Author Archives: jim

Using letsencrypt with Zentyal

In this article, I will describe the steps I took to use acme.sh to obtain and manage TLS certificates for a Zentyal server running in my homelab.

Background

On my home network, I run a single virtualized instance of Zentyal Developers Edition to act as an internal DNS server. Let me make a few things clear about this server up front:

  • I am in no sense fully utilizing Zentyal. Zentyal can provide a multitude of services to a LAN, including acting as a Domain Controller, DHCP server, Mail server (with optional filtering and a Web Mail interface), NTP service, RADIUS, VPN services and more. I’m using it for DNS, which arguably isn’t even scratching the surface of Zentyal’s capabilities.
  • There is a dirth of Open Source DNS server offerings available for small networks that would fit my ideal requirements. Those would include:
    • Providing an API service (hopefully compatible with the API for something like AWS Route 53) that would support automation.
    • Providing a web user interface for maintaining DNS.
    • Including the ability to manage zones across providers. For example, I want to manage and serve “home.thejimnicholson.com” within my home network, but “thejimnicholson.com” would reside in an external DNS server or provider.

One of the things I’ve been trying to do within my home networking projects is to use TLS certificates from an actual recognized “official” issuer. This is possible because I own the domain I’m using for internal names, and free TLS providers like LetsEncrypt and ZeroSSL support the use of DNS TXT records for issuer challenges. What this means is that rather than authenticating a certificate request by issuing an HTTP request to a webserver on the target domain, the issuer

  • generates a text secret that it returns to the requester,
  • sleeps for a bit to allow the requester to store the secret as a TXT record in DNS and then
  • issues a DNS lookup for a specific TXT record and insures that the value returned matches.

ACME is a protocol for requesting, obtaining and renewing TLS certificates. The protocol is used by many certificate authorities, services and has been implemented by many certificate management system vendors within their products. There are a number of client tools that can be used to interact with a service that supports the ACME protocol; the most well-known of these is certbot from the Electronic Frontier Foundation. While certbot is a fine tool for the job, it has a potential drawback in that it is written in Python, and thus requires a python interpreter to work. An alternative client, acme.sh, implemented entirely as a bash shell script, offers similar capabilities with a simpler deployment process.

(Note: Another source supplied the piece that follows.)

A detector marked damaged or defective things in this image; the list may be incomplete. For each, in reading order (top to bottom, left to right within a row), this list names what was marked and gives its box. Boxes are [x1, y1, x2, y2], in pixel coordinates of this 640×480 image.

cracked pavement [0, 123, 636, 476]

Zentyal’s own documentation for using LetsEncrypt TLS for its web administration interface is (sadly, like most of their documentation) terse and a bit incomplete. I was able to find a snipet for using acme.sh with GoDaddy on a Zentyal server, and adapt it to use AWS Route 53, my provider.

Installing acme.sh

Log into the zentyal server using ssh. Use an account with administrator privileges (ie, one that can run sudo.)

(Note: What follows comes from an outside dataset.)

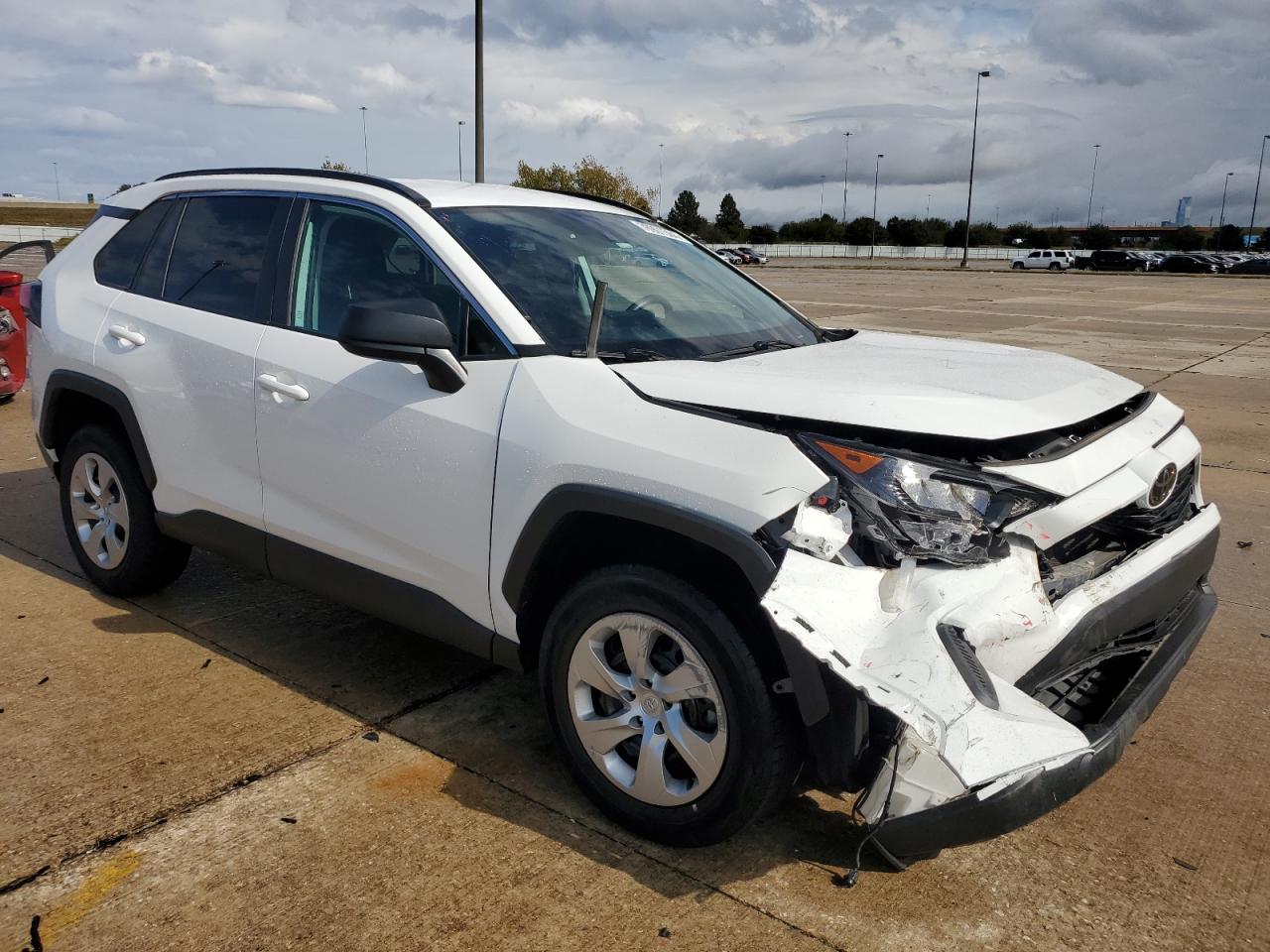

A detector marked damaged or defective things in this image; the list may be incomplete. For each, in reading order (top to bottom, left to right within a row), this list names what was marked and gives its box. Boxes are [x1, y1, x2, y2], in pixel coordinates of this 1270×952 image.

You can either run the quick install as outlined at get.acme.sh, or clone the project source and run the installer. It shouldn’t make a difference which you use; if you choose to clone the project, you should make sure that git and socat are installed on the server

apt install -y git socat
cd /tmp
git clone https://github.com/acmesh-official/acme.sh.git
cd acme.sh
./acme.sh --install --accountemail <YOUR EMAIL>

After the installation, you will need to restart your root shell session to pick up changes that the install process makes to the root .bashrc. The simplest way to do this is to exit the shell and restart it with sudo again.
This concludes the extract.